Fetching Connection Tokens
This section covers how to fetch connection tokens for your users and tenants. This is typically done within an MCP server, but can also be done directly by your agent as well, depending on your architecture.
To retrieve a token for a Connection, you can use either one of our SDKs or our REST API.
To see how you make token requests within your MCP server, see the Authentication for Token Fetching section below.
Authentication for Token Fetching
You can authenticate requests to fetch connection tokens using either:
- MCP Server access token: Formatted as
Bearer <PROJECT_ID>:<ACCESS_TOKEN>(recommended) - Management Key: Formatted as
Bearer <PROJECT_ID>:<MANAGEMENT_KEY>
Your MCP Server access token must include the outbound.token.fetch scope to be able to fetch connection tokens. This scope must be originally requested by the OAuth client and consented to by the user.
When using an MCP Server access token, Descope enforces your custom access control policies on the token request. This allows you to control which MCP clients/agents can retrieve connection tokens based on roles, permissions, or other conditions defined in your policies.
Management keys, on the other hand, provide full administrative access to all connection tokens across all users and tenants, bypassing access control policies.
Token Fetching Methods
These are all of the methods you can use to fetch connection tokens.
Fetch Latest User Token
This method is recommended when you don't know the exact scopes or want the most recent valid token for the user, regardless of scopes.
Request Parameters
appId(required): The ID of the connection.userId(required): The user ID for whom to fetch the token.tenantId(optional): The tenant ID of the user, if a user has multiple tokens associated with different tenants.options(optional): Additional options for token fetching.withRefreshToken: Defaults to false. Set this to true to include the refresh token in the response.forceRefresh: Defaults to false. The API will return a refreshed token regardless of this value, but this will force our service to refresh the token on the client's behalf.
Fetch Token with Specific Scopes
Use this method when you need a token with specific scopes. Important: You must provide the exact scopes that were used when the token was created. Otherwise, you'll receive a 404 Token not found error.
Request Parameters
appId(required): The ID of the connection.userId(required): The user ID for whom to fetch the token.tenantId(optional): The tenant ID of the user, if a user has multiple tokens associated with different tenants.scopes(required): An array of exact scopes that match the original token.options(optional): Additional options for token fetching.withRefreshToken: Defaults to false. Set this to true to include the refresh token in the response.forceRefresh: Defaults to false. The API will return a refreshed token regardless of this value, but this will force our service to refresh the token on the client's behalf.
Fetching Tenant-Level Tokens
In addition to user-specific tokens, you can also fetch tenant-level tokens for connections. These are useful when you need to access APIs on behalf of a tenant rather than a specific user.

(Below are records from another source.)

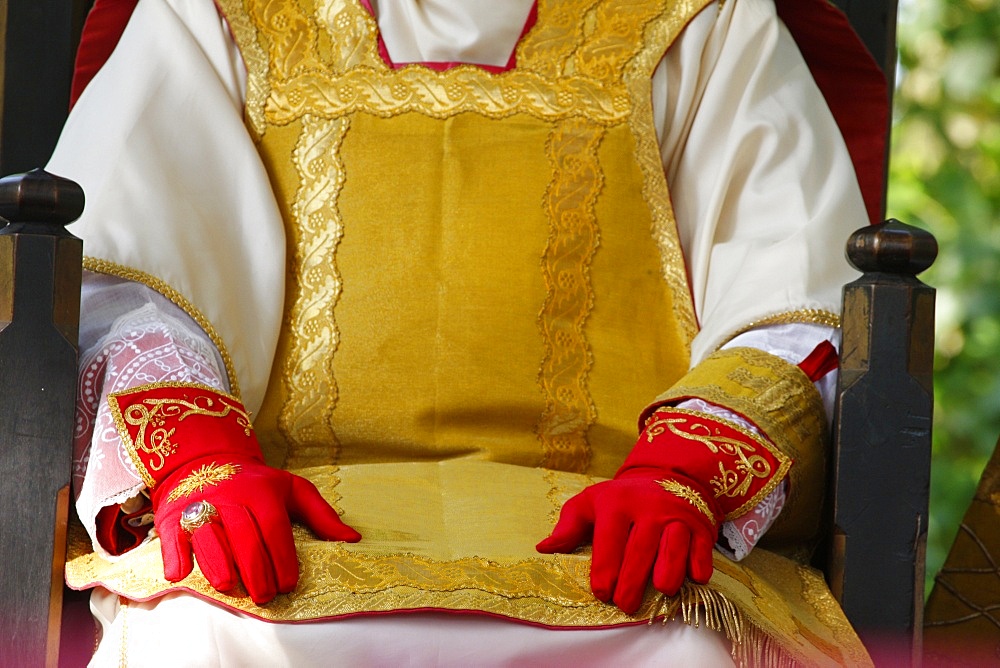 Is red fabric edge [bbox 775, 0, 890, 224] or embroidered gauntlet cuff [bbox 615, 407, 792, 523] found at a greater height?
red fabric edge [bbox 775, 0, 890, 224]

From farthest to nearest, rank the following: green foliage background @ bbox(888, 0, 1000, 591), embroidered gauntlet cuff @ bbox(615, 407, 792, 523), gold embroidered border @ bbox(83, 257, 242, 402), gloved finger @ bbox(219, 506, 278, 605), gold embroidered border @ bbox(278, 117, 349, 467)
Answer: green foliage background @ bbox(888, 0, 1000, 591)
gold embroidered border @ bbox(278, 117, 349, 467)
gold embroidered border @ bbox(83, 257, 242, 402)
embroidered gauntlet cuff @ bbox(615, 407, 792, 523)
gloved finger @ bbox(219, 506, 278, 605)

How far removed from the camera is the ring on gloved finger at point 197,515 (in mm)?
1407

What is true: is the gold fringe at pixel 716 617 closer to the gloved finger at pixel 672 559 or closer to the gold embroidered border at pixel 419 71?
the gloved finger at pixel 672 559

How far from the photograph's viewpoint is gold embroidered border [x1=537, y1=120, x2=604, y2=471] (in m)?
1.97

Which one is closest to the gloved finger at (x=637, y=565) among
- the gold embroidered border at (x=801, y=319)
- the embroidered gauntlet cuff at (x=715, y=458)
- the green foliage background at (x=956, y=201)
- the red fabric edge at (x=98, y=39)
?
the embroidered gauntlet cuff at (x=715, y=458)

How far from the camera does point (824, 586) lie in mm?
1690

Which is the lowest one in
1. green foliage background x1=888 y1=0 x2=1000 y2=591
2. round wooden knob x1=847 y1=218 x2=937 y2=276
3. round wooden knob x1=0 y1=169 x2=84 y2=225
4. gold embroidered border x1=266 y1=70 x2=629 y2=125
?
green foliage background x1=888 y1=0 x2=1000 y2=591

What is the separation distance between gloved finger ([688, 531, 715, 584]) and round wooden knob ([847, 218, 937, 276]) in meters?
0.44

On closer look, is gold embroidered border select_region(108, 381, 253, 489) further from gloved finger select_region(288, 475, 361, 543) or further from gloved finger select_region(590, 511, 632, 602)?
gloved finger select_region(590, 511, 632, 602)

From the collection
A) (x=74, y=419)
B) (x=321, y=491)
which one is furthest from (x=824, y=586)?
(x=74, y=419)

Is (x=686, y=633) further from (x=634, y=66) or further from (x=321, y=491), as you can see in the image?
(x=634, y=66)

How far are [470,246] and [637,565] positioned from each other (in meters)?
0.71

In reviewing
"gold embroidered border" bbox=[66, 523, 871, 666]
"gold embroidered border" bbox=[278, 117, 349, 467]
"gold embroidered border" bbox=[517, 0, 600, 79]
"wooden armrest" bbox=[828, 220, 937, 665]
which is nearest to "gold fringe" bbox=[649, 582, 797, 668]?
"gold embroidered border" bbox=[66, 523, 871, 666]

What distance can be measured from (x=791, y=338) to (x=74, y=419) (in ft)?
3.08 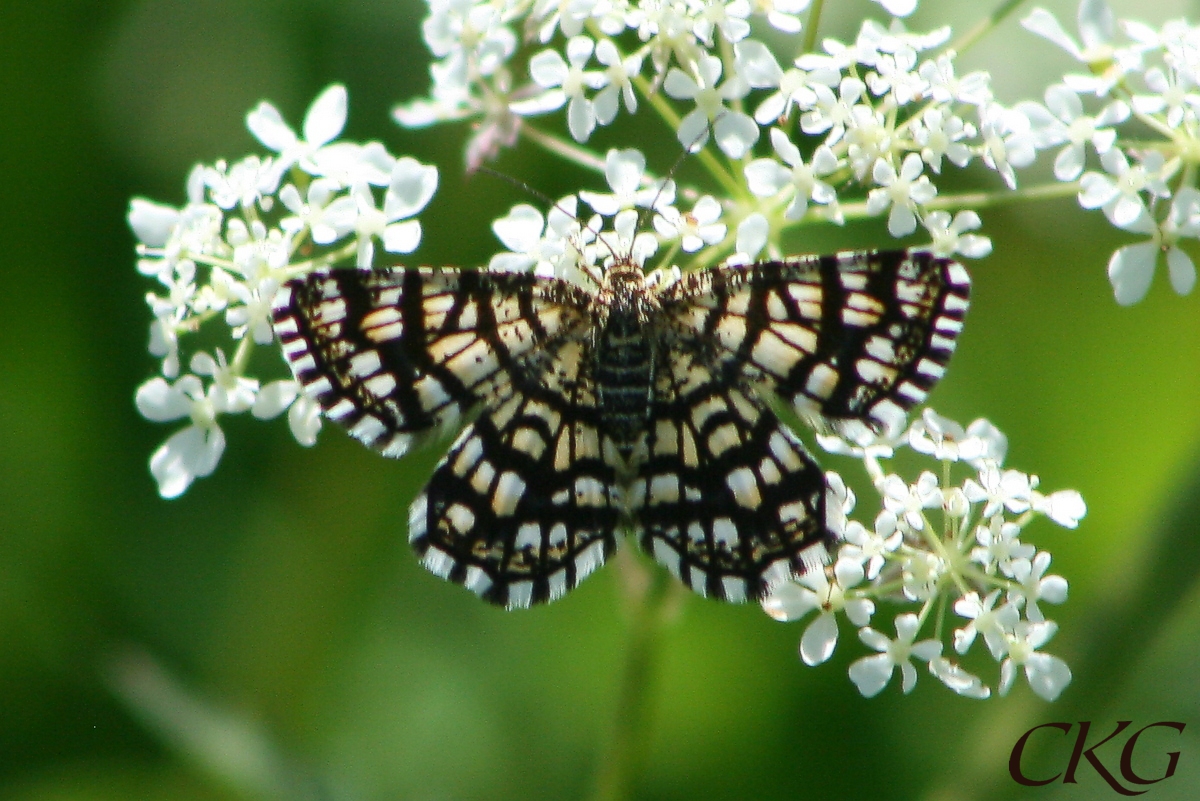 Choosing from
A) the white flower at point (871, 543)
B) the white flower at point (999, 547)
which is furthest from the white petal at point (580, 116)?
the white flower at point (999, 547)

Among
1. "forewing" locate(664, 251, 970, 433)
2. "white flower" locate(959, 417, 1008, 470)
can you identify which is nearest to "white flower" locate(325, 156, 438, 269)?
"forewing" locate(664, 251, 970, 433)

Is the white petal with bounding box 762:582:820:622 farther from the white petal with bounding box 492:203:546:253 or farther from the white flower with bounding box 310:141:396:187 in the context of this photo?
the white flower with bounding box 310:141:396:187

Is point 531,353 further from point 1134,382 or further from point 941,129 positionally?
point 1134,382

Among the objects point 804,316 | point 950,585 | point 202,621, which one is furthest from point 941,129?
point 202,621

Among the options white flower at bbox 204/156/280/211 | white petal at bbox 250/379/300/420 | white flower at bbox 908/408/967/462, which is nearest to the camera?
white flower at bbox 908/408/967/462

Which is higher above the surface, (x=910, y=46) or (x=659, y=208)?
(x=910, y=46)

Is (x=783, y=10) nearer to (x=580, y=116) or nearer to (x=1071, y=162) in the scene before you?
(x=580, y=116)

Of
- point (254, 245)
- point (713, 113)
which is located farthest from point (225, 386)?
point (713, 113) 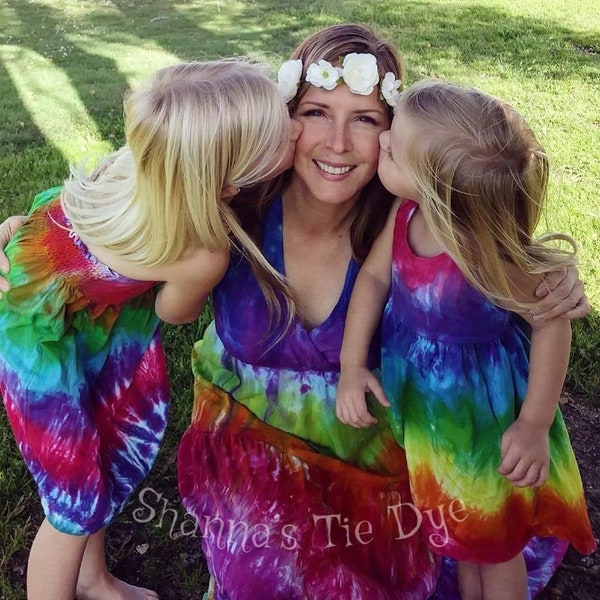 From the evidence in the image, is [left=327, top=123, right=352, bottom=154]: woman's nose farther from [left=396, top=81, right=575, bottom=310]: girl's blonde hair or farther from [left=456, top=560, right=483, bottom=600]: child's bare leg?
[left=456, top=560, right=483, bottom=600]: child's bare leg

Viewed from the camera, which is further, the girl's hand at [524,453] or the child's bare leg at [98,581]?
the child's bare leg at [98,581]

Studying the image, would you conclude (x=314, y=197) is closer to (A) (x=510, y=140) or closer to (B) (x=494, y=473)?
(A) (x=510, y=140)

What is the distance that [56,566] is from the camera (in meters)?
2.05

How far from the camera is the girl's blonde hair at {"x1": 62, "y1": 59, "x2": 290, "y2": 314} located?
1.78 m

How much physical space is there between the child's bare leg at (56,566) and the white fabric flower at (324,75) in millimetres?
A: 1386

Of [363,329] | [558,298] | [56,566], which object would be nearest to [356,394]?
[363,329]

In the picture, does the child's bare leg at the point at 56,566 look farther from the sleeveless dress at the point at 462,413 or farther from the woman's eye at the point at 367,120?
the woman's eye at the point at 367,120

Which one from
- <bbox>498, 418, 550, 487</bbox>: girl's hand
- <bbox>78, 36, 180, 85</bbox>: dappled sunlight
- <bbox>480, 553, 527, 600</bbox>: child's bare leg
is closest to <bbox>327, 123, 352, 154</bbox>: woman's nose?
<bbox>498, 418, 550, 487</bbox>: girl's hand

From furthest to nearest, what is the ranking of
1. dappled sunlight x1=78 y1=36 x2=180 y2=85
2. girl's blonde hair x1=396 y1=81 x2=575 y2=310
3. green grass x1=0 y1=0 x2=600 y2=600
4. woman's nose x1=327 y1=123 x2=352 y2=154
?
1. dappled sunlight x1=78 y1=36 x2=180 y2=85
2. green grass x1=0 y1=0 x2=600 y2=600
3. woman's nose x1=327 y1=123 x2=352 y2=154
4. girl's blonde hair x1=396 y1=81 x2=575 y2=310

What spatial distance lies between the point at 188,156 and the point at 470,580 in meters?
1.47

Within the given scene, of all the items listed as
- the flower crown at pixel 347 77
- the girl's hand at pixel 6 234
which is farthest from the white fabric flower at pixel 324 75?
the girl's hand at pixel 6 234

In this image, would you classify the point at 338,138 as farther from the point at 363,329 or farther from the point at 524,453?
the point at 524,453

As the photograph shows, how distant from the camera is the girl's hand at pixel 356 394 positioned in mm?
2074

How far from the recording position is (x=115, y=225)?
1917 mm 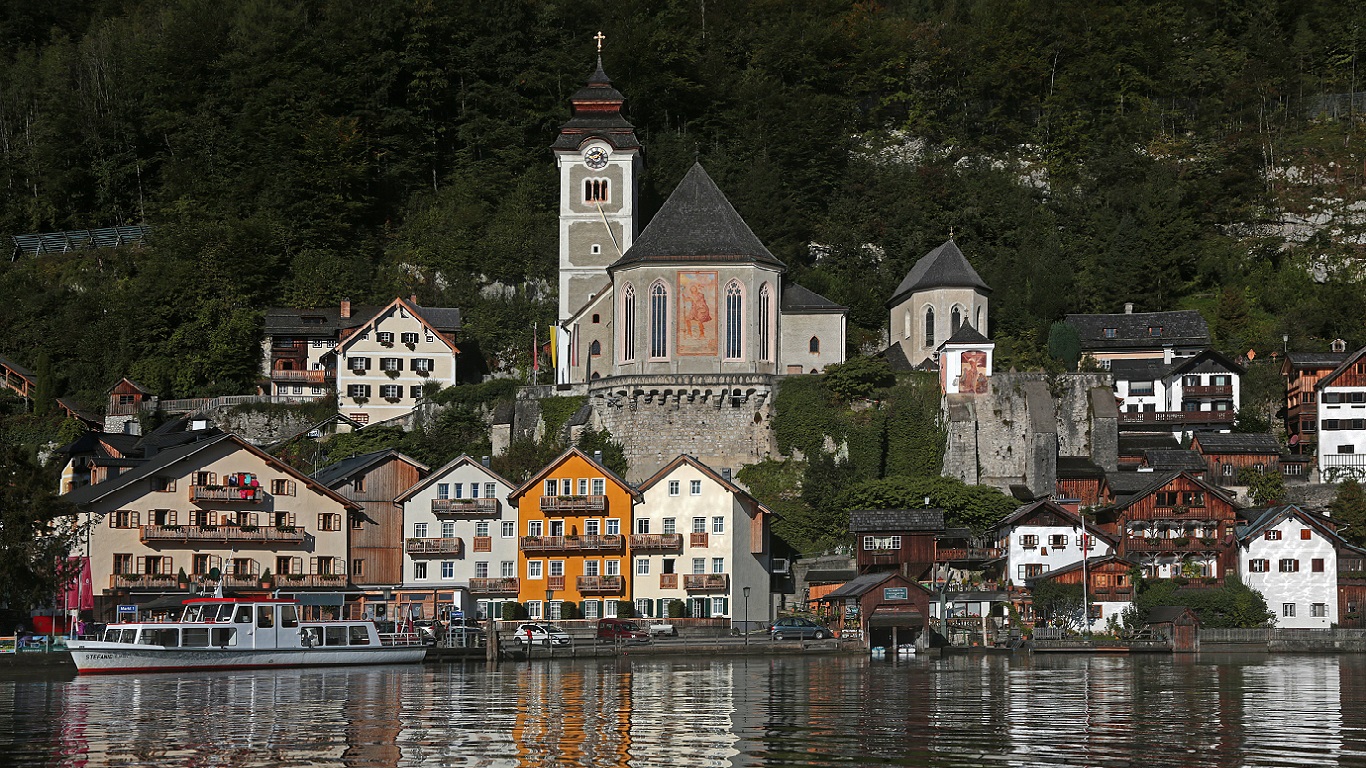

Descope provides the same two methods for tenant-level connection tokens as user-level tokens. Depending on whether you know the exact scopes of the token you need, you can use the following methods:
Fetch Latest Tenant Token
This method is recommended when you don't know the exact scopes or want the most recent valid token for the tenant, regardless of scopes.
Request Parameters
appId(required): The ID of the connection.tenantId(required): The tenant ID if you're fetching a tenant-level token.options(optional): Additional options for token fetching.withRefreshToken: Defaults to false. Set this to true to include the refresh token in the response.forceRefresh: Defaults to false. The API will return a refreshed token regardless of this value, but this will force our service to refresh the token on the client's behalf.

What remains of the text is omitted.